In This Topic ▼

Split a PDF File into Multiple Files - Java

This tutorial shows three different techniques to individually save each page of a multipage PDF in a Java application using the LEADTOOLS SDK.

Overview
Summary	This tutorial covers how to split multipage PDF files in a Java Console application.
Completion Time	30 minutes
Eclipse Project	Download tutorial project (3 KB)
Platform	Java Application
IDE	Eclipse
Development License	Download LEADTOOLS
Try it in another language	C#: .NET Framework (Console) Java: Java

Required Knowledge

Get familiar with the basic steps of creating a project by reviewing the Add References and Set a License tutorial, before working on the Split a PDF File into Multiple Files - Java tutorial.

Create the Project and Add the LEADTOOLS References

Start with a copy of the project created in the Add References and Set a License tutorial. If that project is unavailable, follow the steps in that tutorial to create it.

The references needed depend upon the purpose of the project.
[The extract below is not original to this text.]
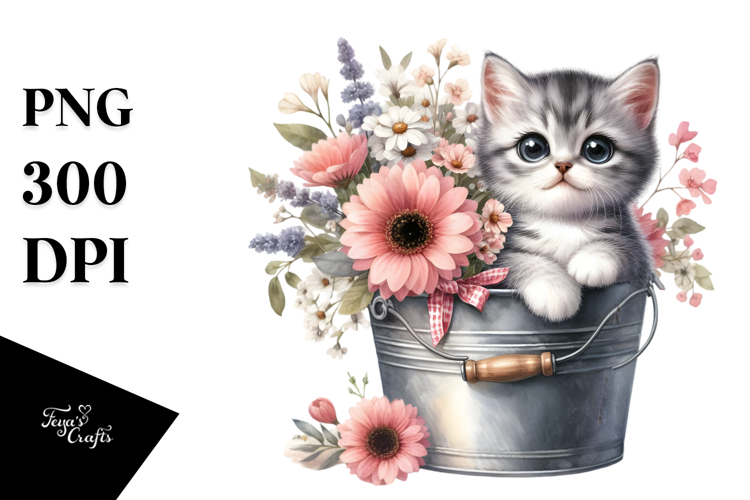Cute Baby Cat with Flowers PNG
References can be added by local .jar files located at <INSTALL_DIR>\LEADTOOLS22\Bin\Java.

For this project, the following references are needed:

leadtools.annotations.engine.jar
leadtools.caching.jar
leadtools.codecs.jar
leadtools.document.converter.jar
leadtools.document.jar
leadtools.document.pdf.jar
leadtools.document.writer.jar
leadtools.imageprocessing.core.jar
leadtools.jar
leadtools.ocr.jar
leadtools.pdf.jar
leadtools.svg.jar

This tutorial uses LEADTOOLS Codec library support. For a complete list of which JAR files are required for your application, refer to Files to be Included with your Java Application

Set the License File

The License unlocks the features needed for the project. It must be set before any toolkit function is called. For details including tutorials for different platforms, refer to Setting a Runtime License.
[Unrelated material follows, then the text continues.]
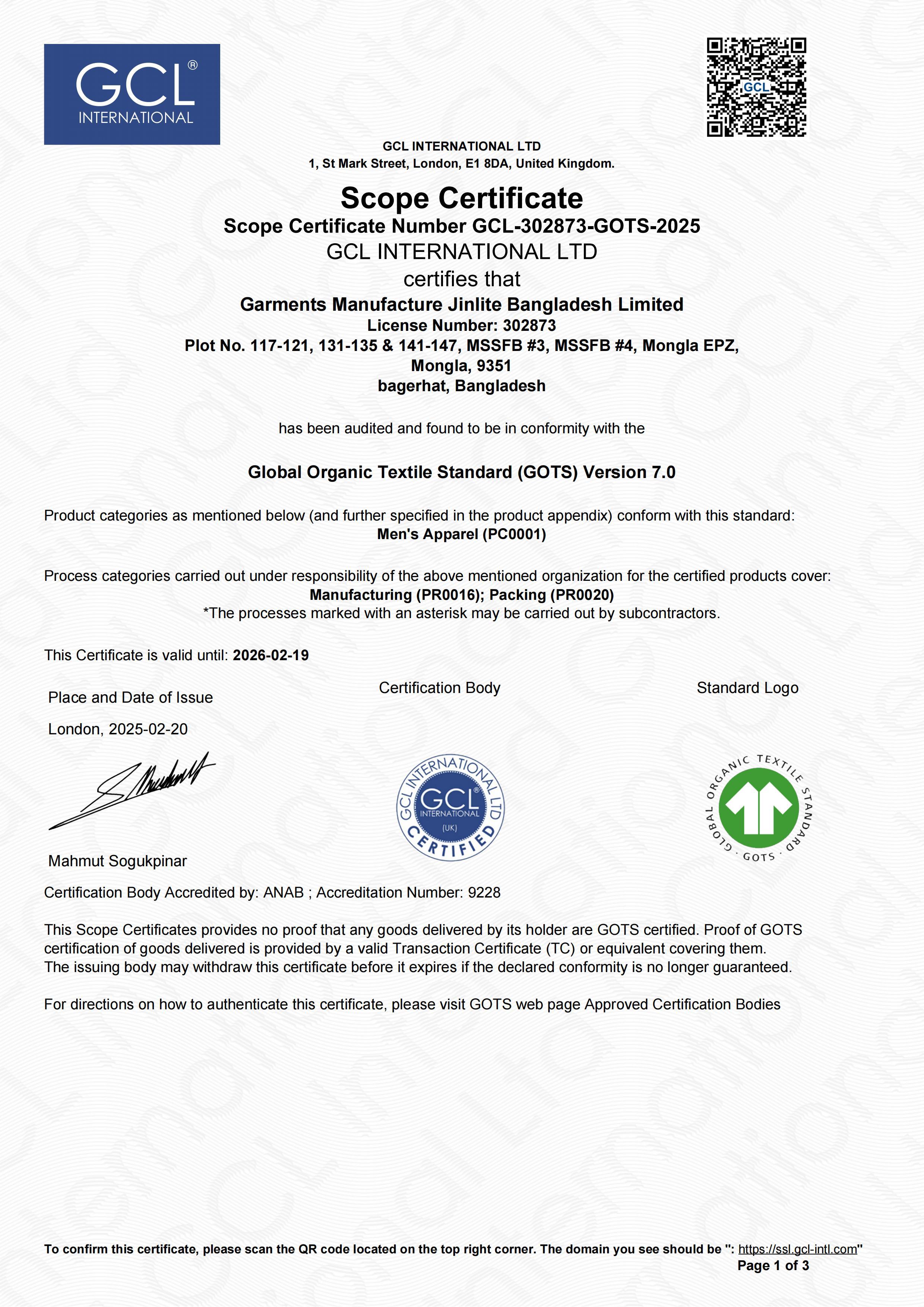 GARMENTS MANUFACTURE -- GOTS GARMENTS MANUFACTURE -- GOTS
There are two types of runtime licenses:

Evaluation license, obtained at the time the evaluation toolkit is downloaded. It allows the toolkit to be evaluated.
Deployment license. If a Deployment license file and developer key are needed, refer to Obtaining a License.

Note

Adding LEADTOOLS references and setting a license are covered in more detail in the Add References and Set a License tutorial.

Add the Split Pages Code

With the project created, the references added, and the license set, coding can begin.
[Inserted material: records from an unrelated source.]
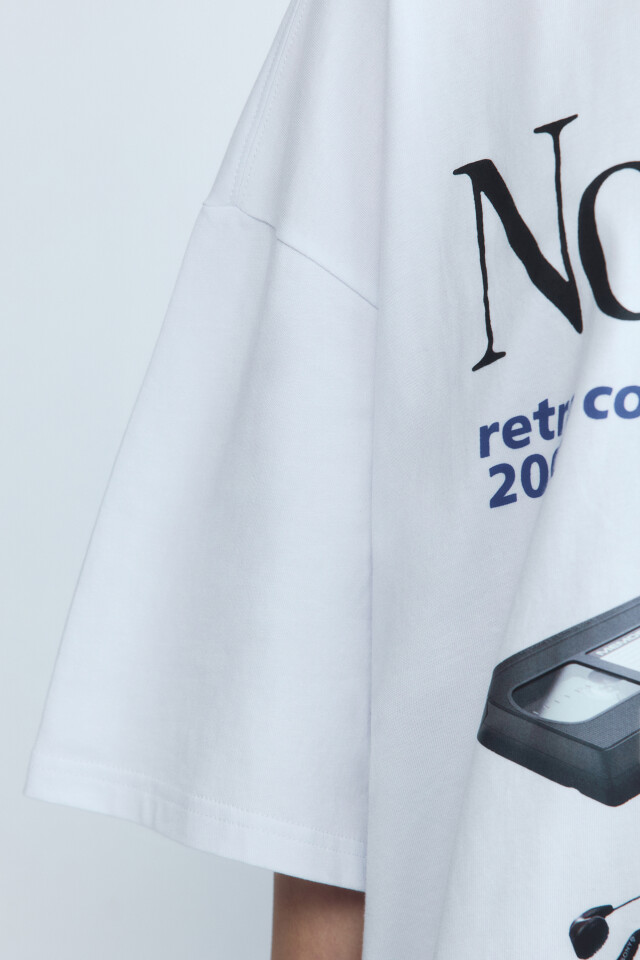 Футболка oversize с принтом в стиле нулевых - цвет белый - 7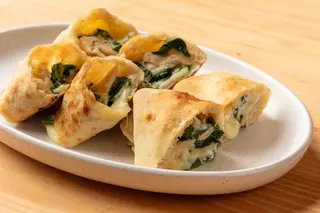 Rolinhos de Espinafres e Ricotta (Vegetariano)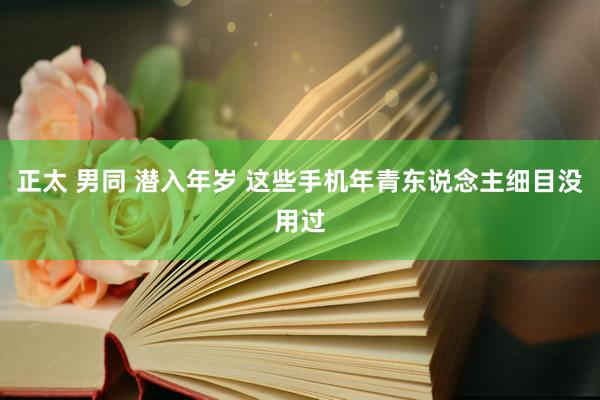 正太 男同 潜入年岁 这些手机年青东说念主细目没用过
Open the Main.java class in the Project Explorer. Add the following statements to the import block at the top.

Java

// import block at the top 
import java.io.IOException; 
import java.nio.file.*; 
import java.util.concurrent.ExecutorService; 
import java.util.concurrent.Executors; 
 
import leadtools.*; 
import leadtools.codecs.*; 
import leadtools.pdf.*; 
import leadtools.document.*; 
import leadtools.document.converter.*; 
import leadtools.document.writer.*; 
import leadtools.ocr.*;

Add the code below to the run() method to create the split files directory and call the methods created in the sections below.

Java

private void run(String[] args) { 
   try { 
      Platform.setLibPath("C:\\LEADTOOLS22\\Bin\\CDLL\\x64"); 
      Platform.loadLibrary(LTLibrary.LEADTOOLS); 
      Platform.loadLibrary(LTLibrary.CODECS); 
      Platform.loadLibrary(LTLibrary.DOCUMENT_WRITER); 
      Platform.loadLibrary(LTLibrary.PDF); 
      Platform.loadLibrary(LTLibrary.OCR); 
          
      SetLicense(); 
          
      String multipageFile = "C:\\LEADTOOLS22\\Resources\\Images\\leadtools.pdf"; 
      String _splitDir = "C:\\LEADTOOLS22\\Resources\\Images\\Split PDFs"; 
      if(!Files.exists(Paths.get(_splitDir))) 
         Files.createDirectory(Paths.get(_splitDir)); 
      splitUsingRasterCodecs(multipageFile, _splitDir); 
      splitUsingPDFFile(multipageFile, _splitDir); 
      splitUsingLEADDocument(multipageFile, _splitDir);         
   }  
   catch(Exception ex) { 
      System.err.println(ex.getMessage()); 
      ex.printStackTrace(); 
   } 
}

Three different techniques for splitting the pages of a PDF file will be discussed below, each has its own advantages.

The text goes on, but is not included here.